The first way  - airborne - is the simplest, both to think about and to fix.  Sound waves travel through the air to reach our ears inside our listening room, so why should it be any different outside of it? Windows, vents and walls can all be escape avenues for sound waves. To stop airborne sound, you simply need to put something in front of it.  It's not the size that matters, but the mass and therefore the density.  It makes sense of course; a sheet of lead will stop sound better than a sheet of paper.

The second way sound is getting out of your home theater is through solid objects like the floor.  Like airborne sound, structure-borne sound can travel through your walls and ceiling as well, but through different avenues. The waves travel through the object itself. Structure-borne sound requires separation.  If two objects aren't touching, the sound can't get through. It's not the most complicated concept, but executing a fix can be difficult, especially if the object your audio is travelling through is the floor.

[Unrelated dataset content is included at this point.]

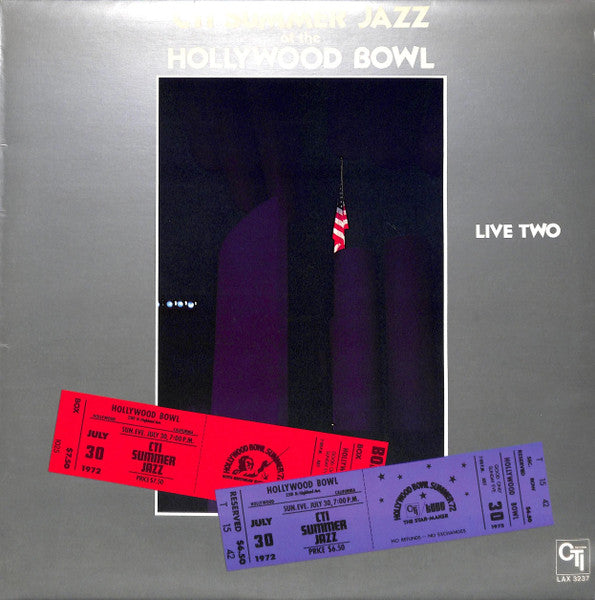 CTI All-Stars - CTI Summer Jazz At The Hollywood Bowl Live Two (Vinyl, LP, Album, Limited Edition, Stereo) Very Good (VG) / Very Good (VG)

In order to conquer the task of soundproofing your home theater, you'll need to be able to defeat both airborne and structure-born sound.  The combination of these two requires a dual pronged approach.  It requires massive objects to block the airborne sound and separation of those objects to prevent structure-born. If you've lived in a less than spectacular apartment or an old house, you've experienced the dreaded paper-thin wall that allows sound to travel wherever it pleases.  The walls inside of your home are likely superior to these, but they could be better.

You'll notice the most immediate improvement to the audio isolation of your home theater by fixing up your walls. This is where people building from scratch get lucky.  There's no need to tear down walls and you won't have to worry about losing a little bit of space in your room. Most people with drywall have a standard setup that consists of sheetrock on either side of the wall, insulation in between and a single stud that both pieces attach to. As you might imagine, this isn't the best solution. Just two pieces of sheetrock and a bit of insulation in between isn't going to do much to stop that airborne sound.  To add to the trouble, using a single stud means those structure-based vibrations can travel right through the wall into the next room.

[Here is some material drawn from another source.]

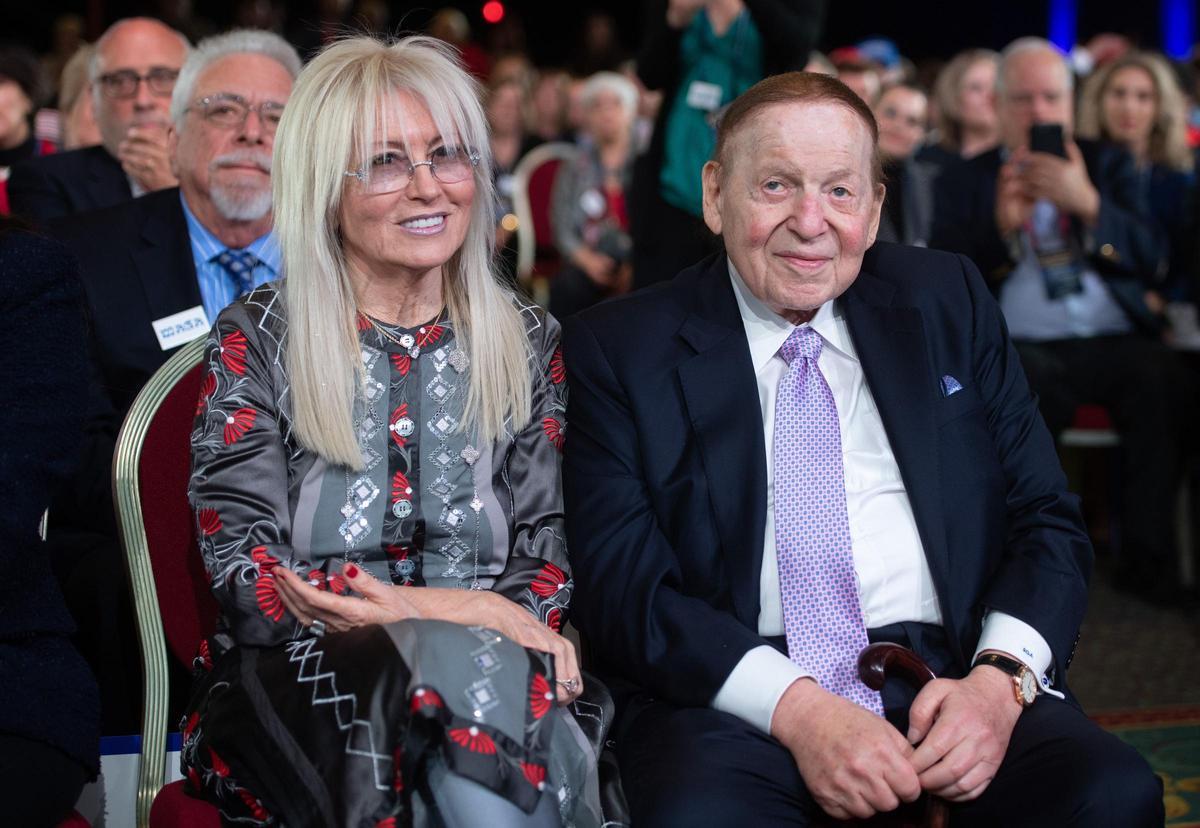 Miriam y Sheldon Adelson.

A step up from the standard is the staggered stud technique.  Instead of using the same stud, a staggered stud drywall setup utilizes separate studs for each side of the wall.  It requires a slightly wider wall, but the additional insulation and separation of the sides makes for a much more sound-proof construction. For maximum sound isolation, you'll want to add something special into the mix as well. You can go with either soundboard or a product like Green Glue that's made specifically to keep sound from travelling through the walls.  Either way, you'll be adding mass to keep the airborne sound from getting out.

You can also decouple the drywall from the framing using resilient channels - metal strips that move the drywall an extra half inch away and add an extra bit of sound isolation.  Some experts warn against these though, as they have potential to create extreme amounts of resonance at specific frequencies.  That's definitely not something you want while enjoying a movie.  Once your walls are set there's another big surface you'll want to take a look at - the ceiling.  Ceilings can be very similar to walls if you're going with the drywall approach, but there's more you'll want to take into consideration.

The thing about ceilings - the definitive thing about ceilings - is that they're attached to the floor above them.  It's not as big a deal if there's nothing above you, but if you've got a basement viewing room or a home theater with a bedroom about it, keeping sound from going out through the ceiling will be essential. There are several methods for isolating the ceiling including suspending it from specialized spring hangers, or using resilient channels to decouple the ceiling from the floor above.  Whatever method you use, separation is key to avoid both sound going out and sound coming in. Typical drop ceilings don't do much to keep the sound isolated, but with proper soundproofing it can work.  If you've already got a grid installed, for example, you can pick up special tiles, thicker and denser than those commonly used, and with much stronger sound absorption qualities.